A national group is threatening to sue the University of Minnesota for limiting access to a popular conservative speaker, Ben Shapiro, who was barred from several large campus venues out of security concerns.

The Young America’s Foundation says the U has imposed unconstitutional restrictions on Shapiro’s scheduled Monday speech — and exiled him to what it calls the “cow campus” in St. Paul — because of his conservative views.

“Clearly they’re treating conservatives as second-class students,” Spencer Brown, a spokesman for the foundation in Reston, Va., said Wednesday.

Shapiro, a 34-year-old conservative icon who has drawn protests around the country, is scheduled to speak at 7 p.m. Monday at the St. Paul Student Center, a 400-seat venue.

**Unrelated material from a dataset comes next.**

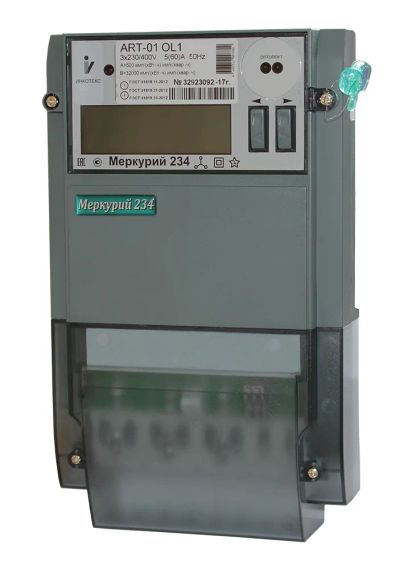 Лот: 24371959. Фото: 1. 3ф Меркурий 234 ARTM2-00 DPBR... Счётчики электроэнергии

The university rejected requests by a student group, Students for a Conservative Voice, to reserve a larger space on the Minneapolis campus, saying the potential sites were unavailable or too difficult to safeguard.

The foundation, which helps promote and fund Shapiro’s speaking tour, accused the U of caving in to the threat of protests. The university, it wrote, is “trampling the rights of individual students to appease the demands of the intolerant majority.”

In a Feb. 20 letter, the foundation notified the U that it is ready to file suit if it doesn’t change course. “We demand that the University of Minnesota respect the First Amendment rights of all its students, regardless of viewpoint, by allowing Ben Shapiro to speak at Willey Hall,” an 800-seat venue on the Minneapolis campus, the letter said.

Brown said that free tickets for Shapiro’s speech were claimed within 24 hours and that hundreds of people are on a waiting list. “A lot of students won’t have the opportunity to hear him because the university has chosen to treat conservative students this way,” he said.

At the same time, he said Shapiro’s talk will be live-streamed on the Young America’s Foundation website and YouTube channel.

Shapiro, a former Breitbart editor who is now editor-in-chief of the Daily Wire, has been attacked by both the left and right for his views.

U officials say that they have worked closely with the student sponsors to find an appropriate venue for Shapiro. They ruled out Willey Hall, according to e-mail communications, because its “access from the skyway” complicated security measures.

“The students fully participated in the selection of the St. Paul Student Center and voiced no protest to either the University of Minnesota Police Department or the Office of Student Affairs when the site was selected,” the U said in a written statement Wednesday. “The University has maintained its commitment to free speech while protecting our students, our employees, the speaker, and our property.”

Brown dismissed the university’s argument, noting that it has routinely hosted other prominent speakers on the Minneapolis campus. “For them to say it’s unsafe for one man to speak for an hour ... is just frankly unbelievable,” he said.